- EXERCISE INSTRUCTIONS -
After locating the line that contains "230322 Jb Pritzker Se 1228p 32817a.jpg" in the records below, write out exactly that line and each line after it through the one that contains "Продажа 4-комн квартиры", and nothing else.

- INPUT -
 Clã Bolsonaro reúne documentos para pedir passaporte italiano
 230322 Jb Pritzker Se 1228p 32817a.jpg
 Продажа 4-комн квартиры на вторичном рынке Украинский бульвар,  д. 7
---
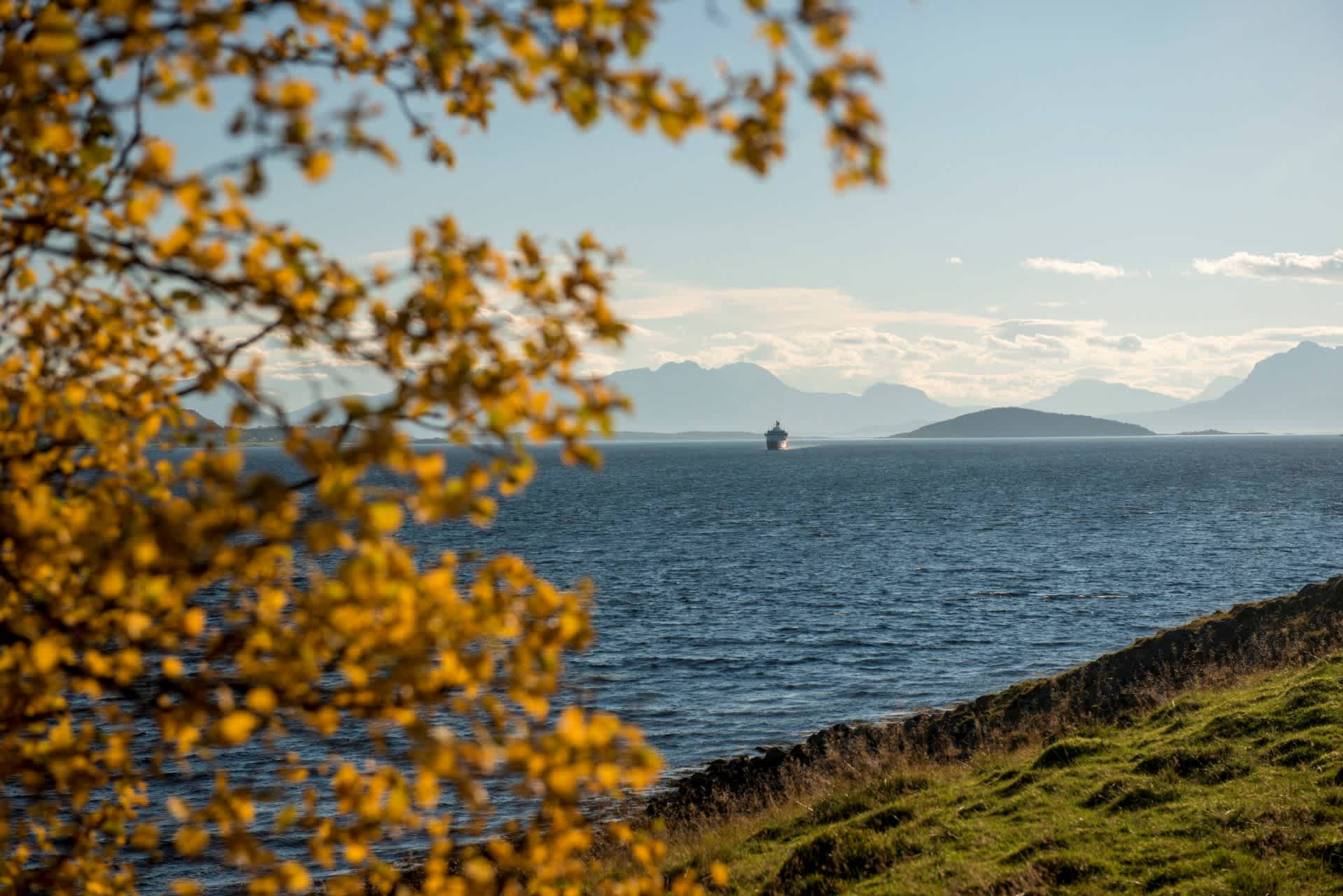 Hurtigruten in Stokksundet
...
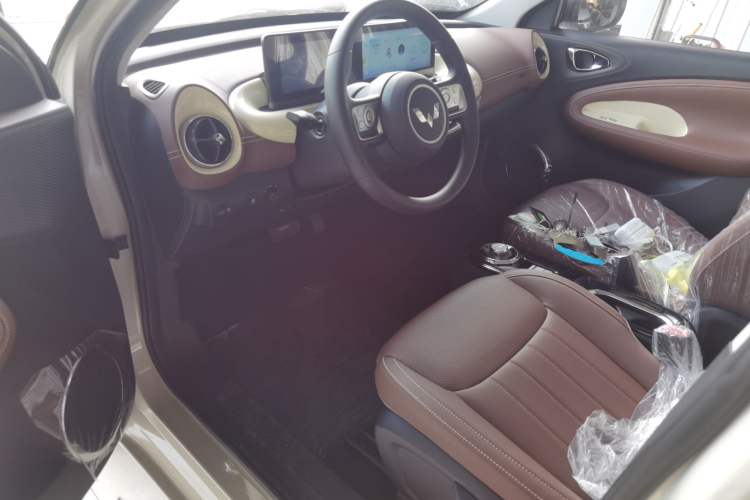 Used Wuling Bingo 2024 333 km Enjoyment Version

- EXERCISE RESPONSE -
 230322 Jb Pritzker Se 1228p 32817a.jpg
 Продажа 4-комн квартиры на вторичном рынке Украинский бульвар,  д. 7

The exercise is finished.